▸ **WORK ITEM**
Beginning with the line that contains "2 Bedroom Bungalow", reproduce the remaining lines of the material exactly, up to and including the last one, but no pictures.
--------
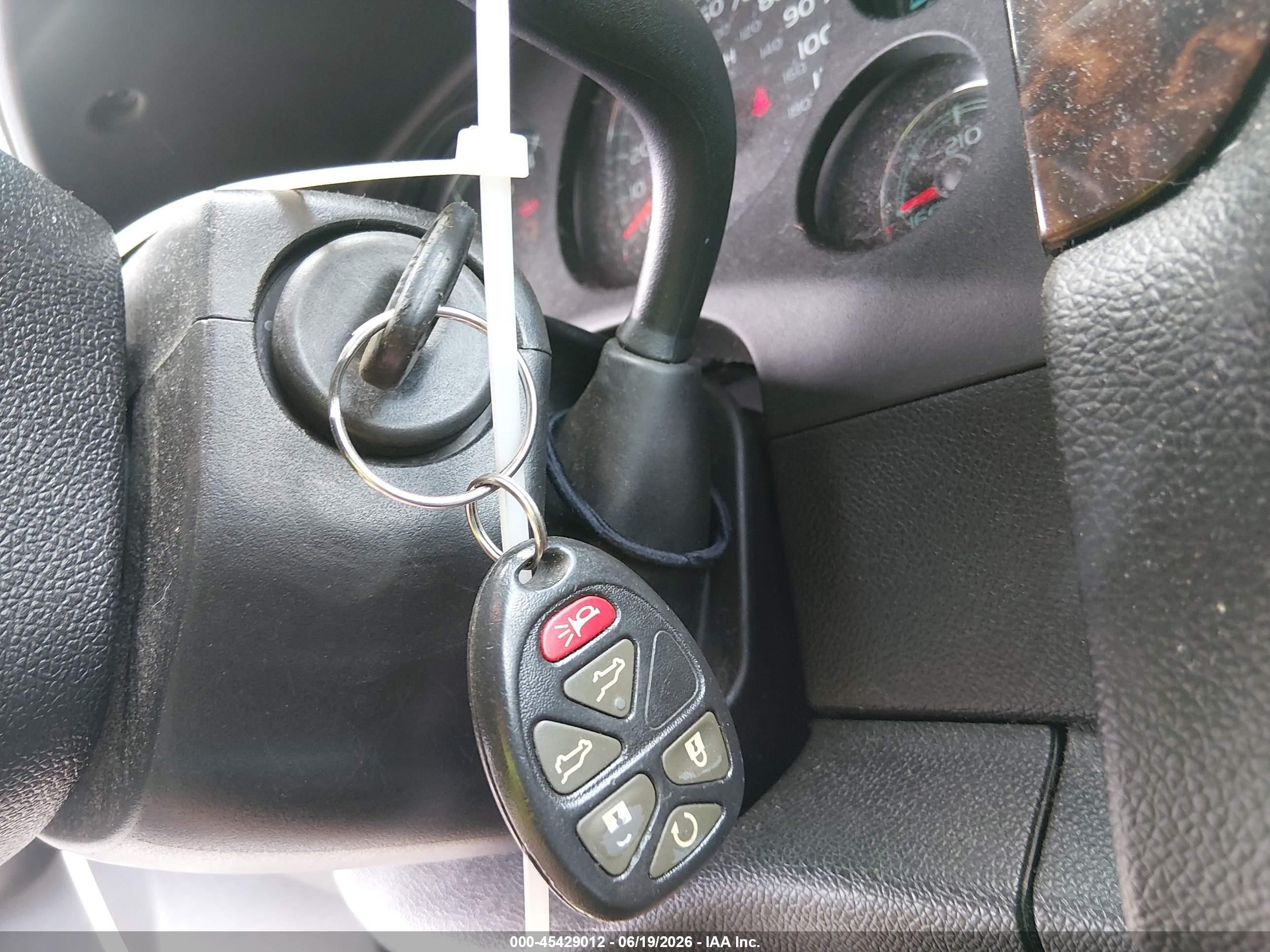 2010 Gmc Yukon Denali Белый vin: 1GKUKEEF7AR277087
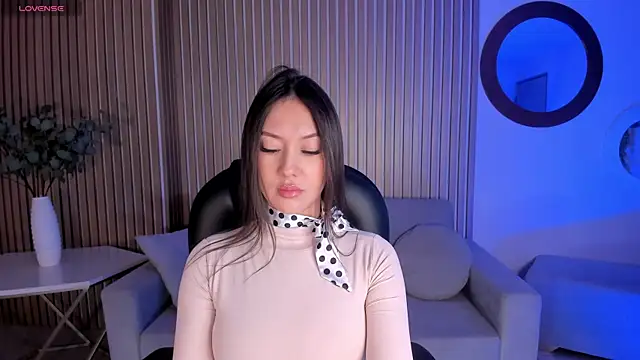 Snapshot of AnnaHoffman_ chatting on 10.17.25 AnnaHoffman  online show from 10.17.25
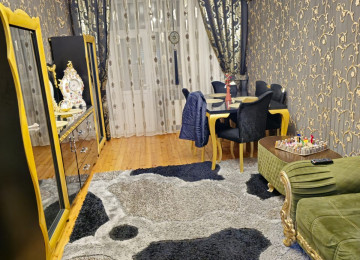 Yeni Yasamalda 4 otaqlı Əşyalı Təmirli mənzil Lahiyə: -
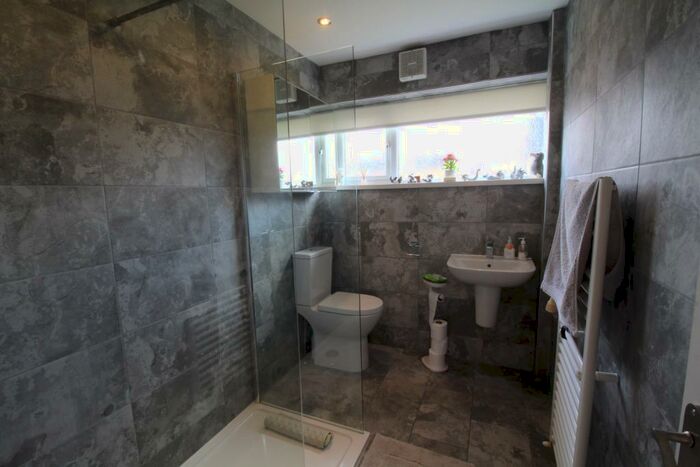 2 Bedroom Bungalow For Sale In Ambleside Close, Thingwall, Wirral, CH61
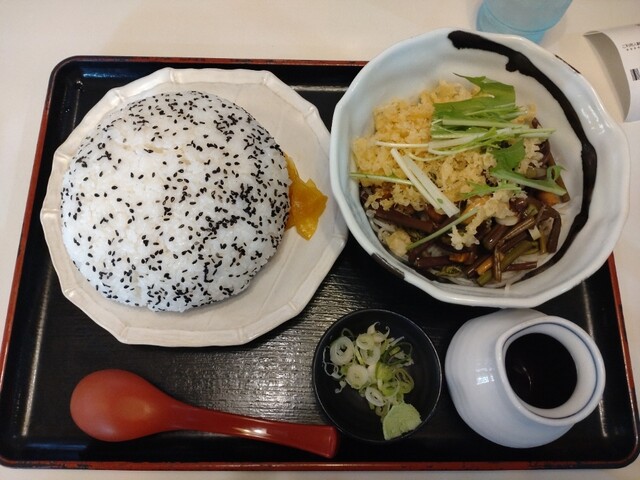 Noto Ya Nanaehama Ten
--------
▸ **RESPONSE**
 2 Bedroom Bungalow For Sale In Ambleside Close, Thingwall, Wirral, CH61
 Noto Ya Nanaehama Ten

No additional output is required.